● **Exercise prompt**
For each entry, repeat the text exactly and omit any picture it holds.

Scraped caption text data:
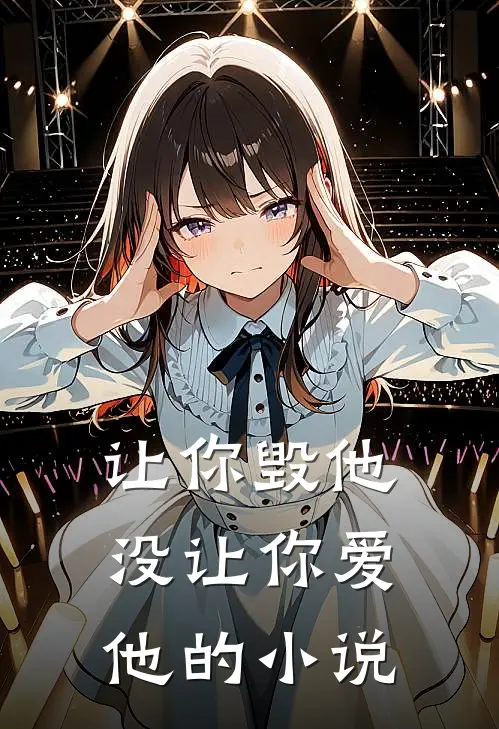 让你毁他,没让你爱他的是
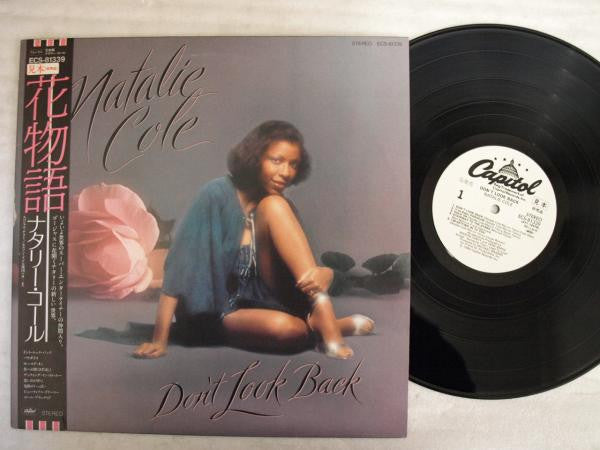 Natalie Cole - Don't Look Back (LP, Album, Promo)
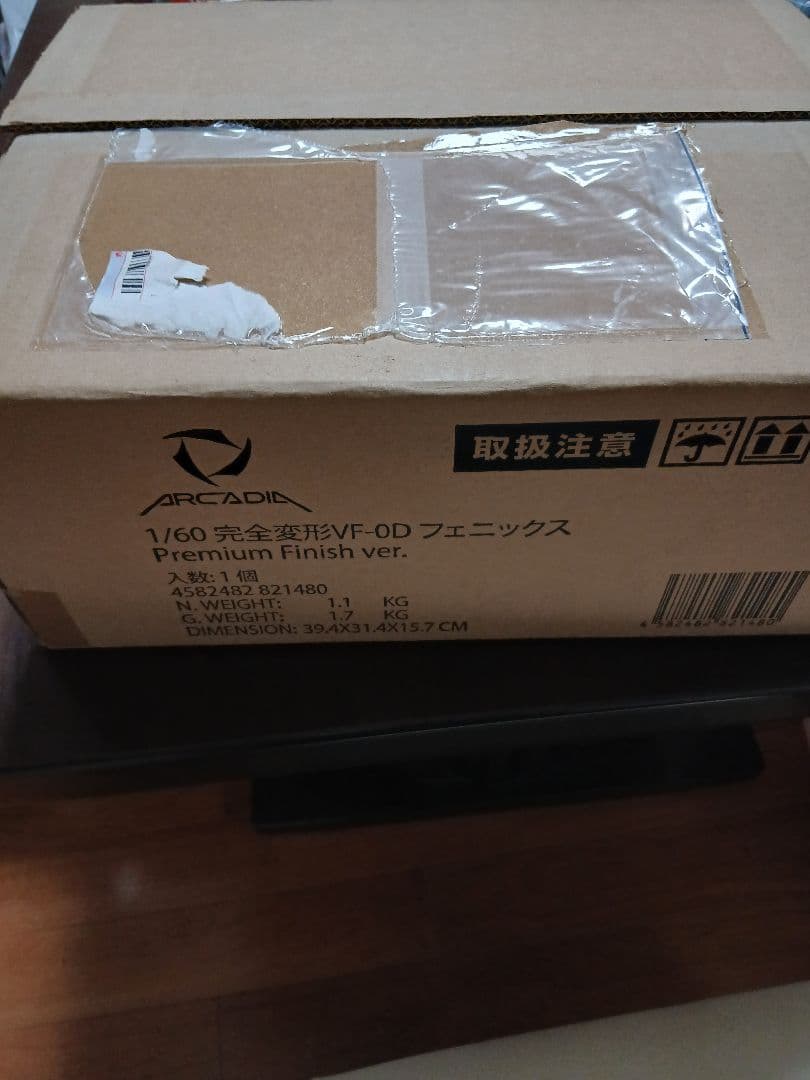 マクロス　戦闘機フィギュア　バルキリー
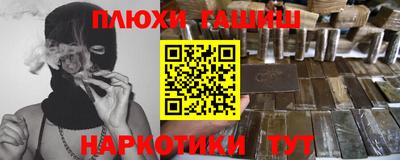 мескалин Можайск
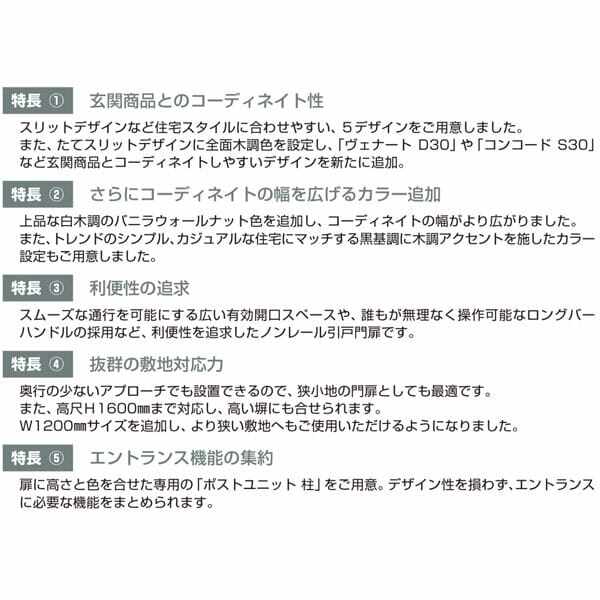 YKKAP ルシアススライド S03型 標準柱 12-12L 片引き 片面シリンダー錠セット 『たて太格子 ノンレール式引き戸 門扉』 アルミカラー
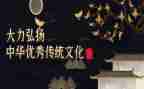 学校传统文化教育活动总结6篇
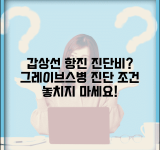 갑상선기능항진증 진단비 지급 조건 | 그레이브스병 갑상선 항진 진단비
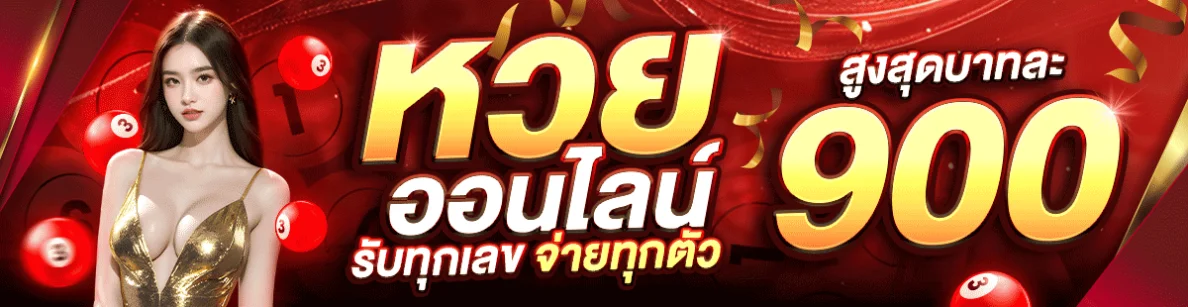 สล็อต888 แตกง่าย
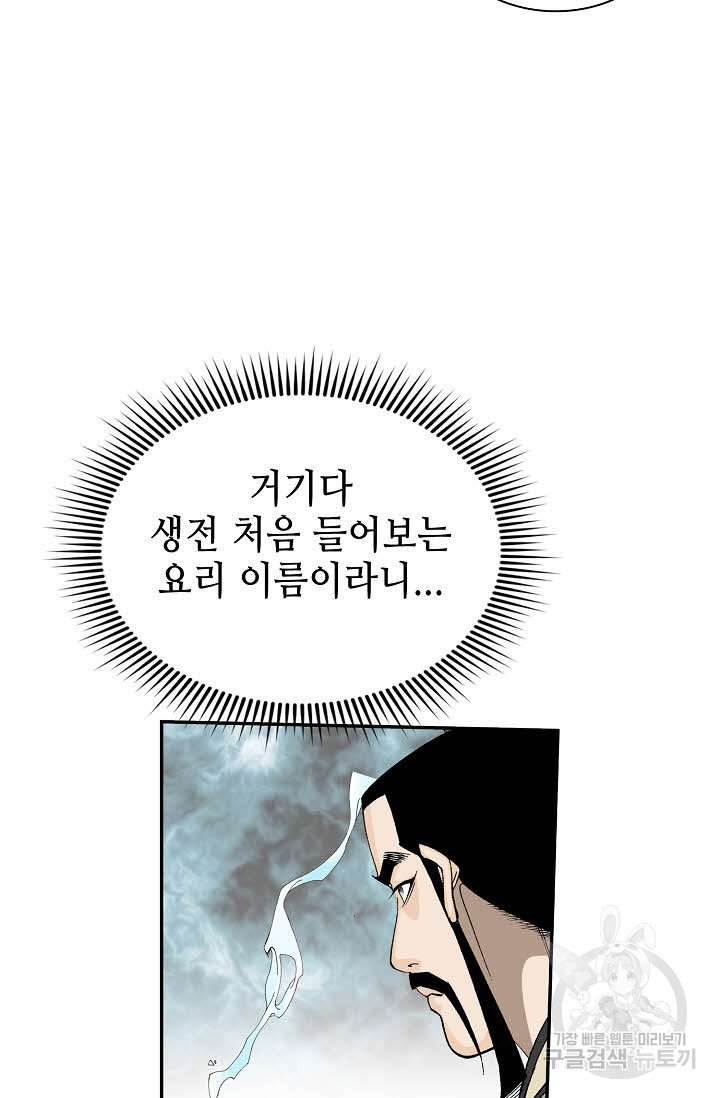 태상교주 숙수되다 135화 - 웹툰 이미지 56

● **Problem solution**
 让你毁他,没让你爱他的是
 Natalie Cole - Don't Look Back (LP, Album, Promo)
 マクロス　戦闘機フィギュア　バルキリー
 мескалин Можайск
 YKKAP ルシアススライド S03型 標準柱 12-12L 片引き 片面シリンダー錠セット 『たて太格子 ノンレール式引き戸 門扉』 アルミカラー
 学校传统文化教育活动总结6篇
 갑상선기능항진증 진단비 지급 조건 | 그레이브스병 갑상선 항진 진단비
 สล็อต888 แตกง่าย
 태상교주 숙수되다 135화 - 웹툰 이미지 56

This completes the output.